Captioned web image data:

Start of Block

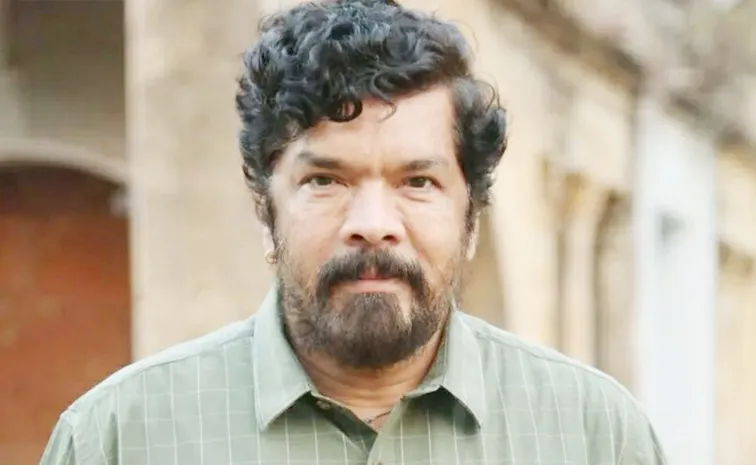 AP High Court Grant Another Relief To Posani Krishna Murali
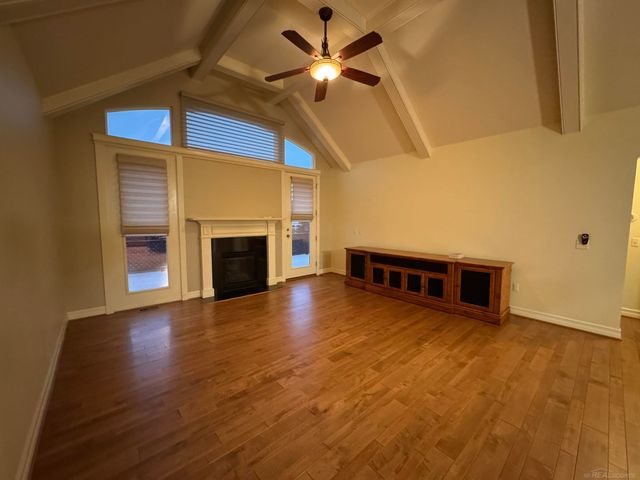 21262 Lilac Lane, Clinton Twp, MI 48036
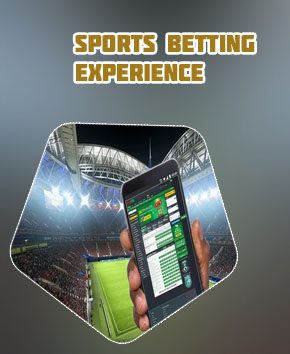 Bravado sports betting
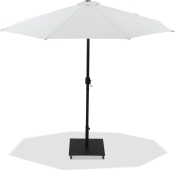 55016White-AB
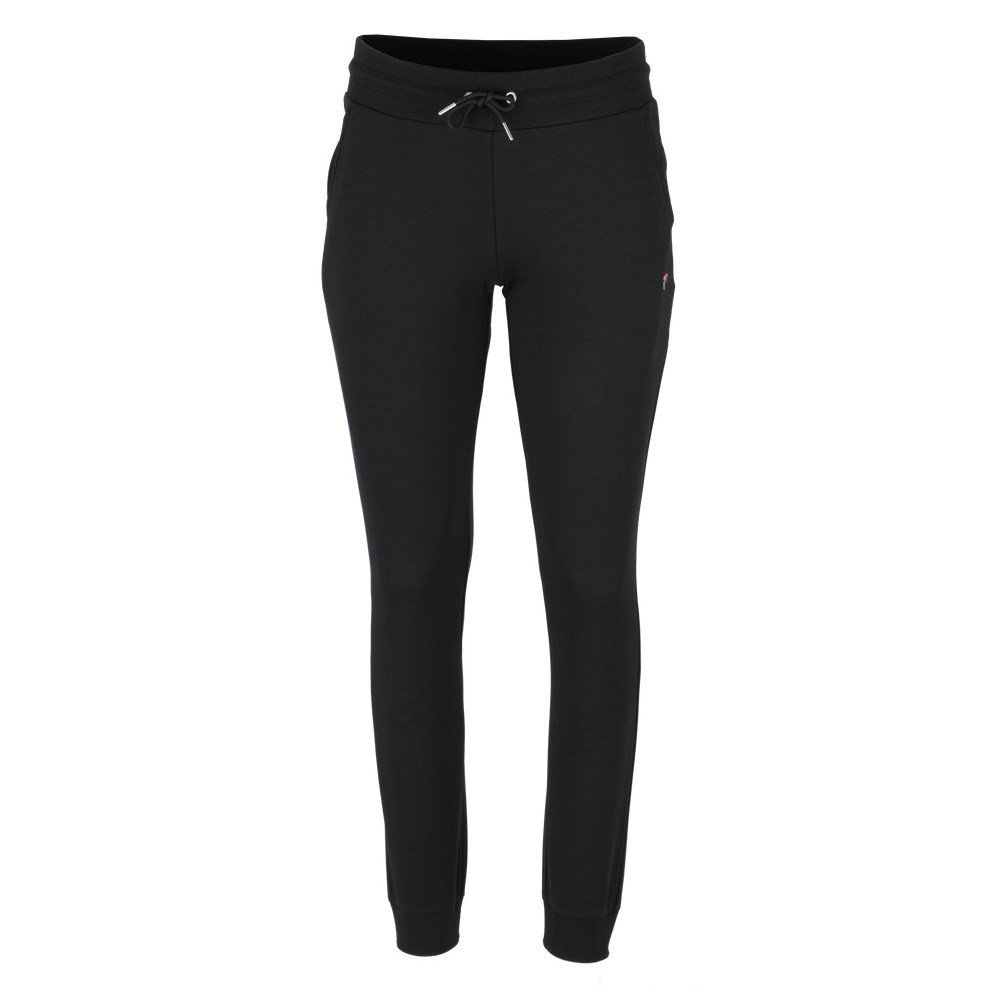 Spodnie Fila FBL222107900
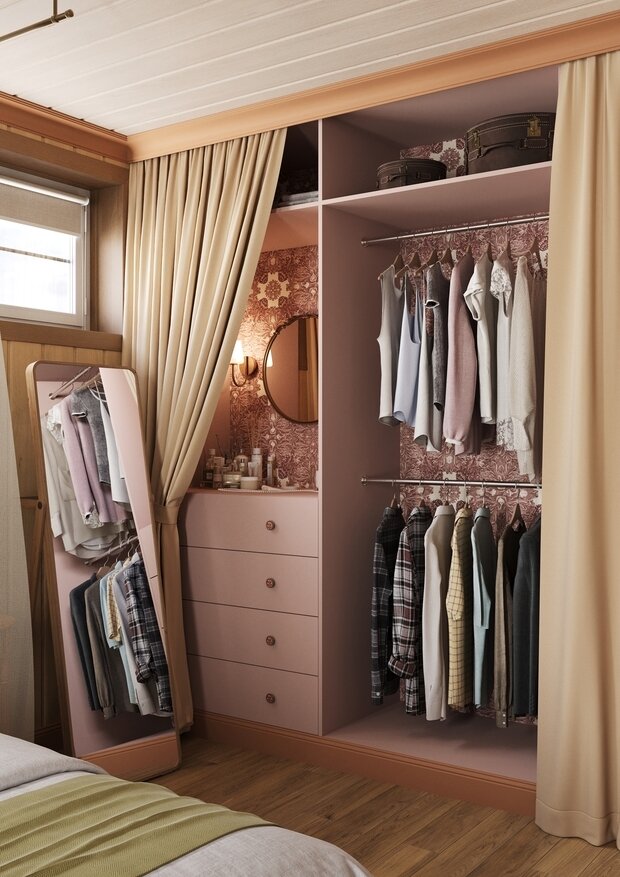 Фотография: в стиле – фото на INMYROOM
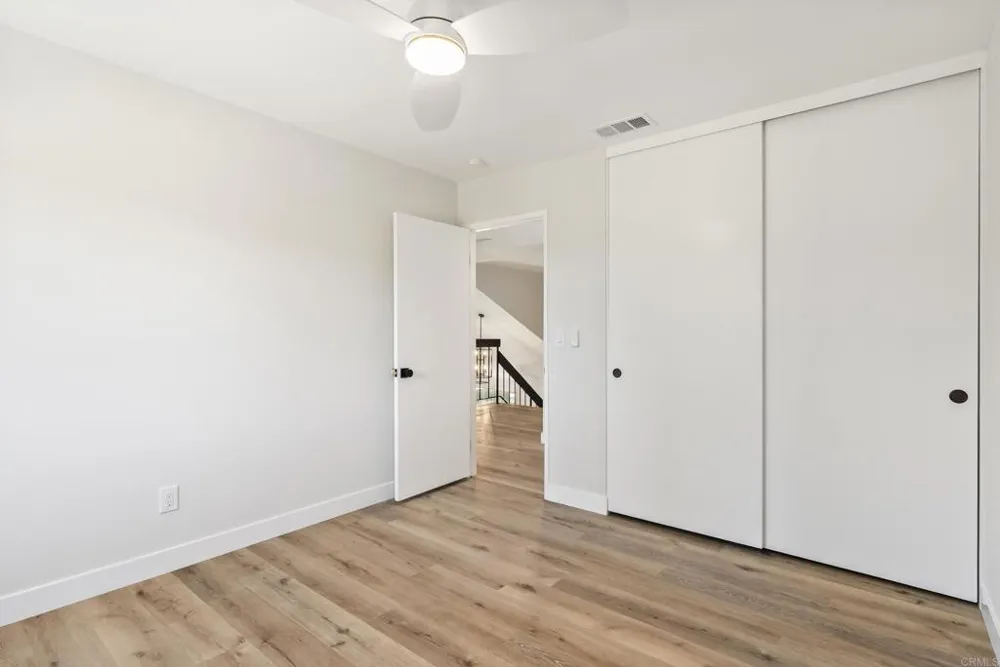 3975 Catamarca Drive San Diego, CA 92124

End of Block

**WORK INSTRUCTION**
Keep the pictures out of the copy and return the rest of the data above exactly.

**YOUR RESPONSE**
 AP High Court Grant Another Relief To Posani Krishna Murali
 21262 Lilac Lane, Clinton Twp, MI 48036
 Bravado sports betting
 55016White-AB
 Spodnie Fila FBL222107900
 Фотография: в стиле – фото на INMYROOM
 3975 Catamarca Drive San Diego, CA 92124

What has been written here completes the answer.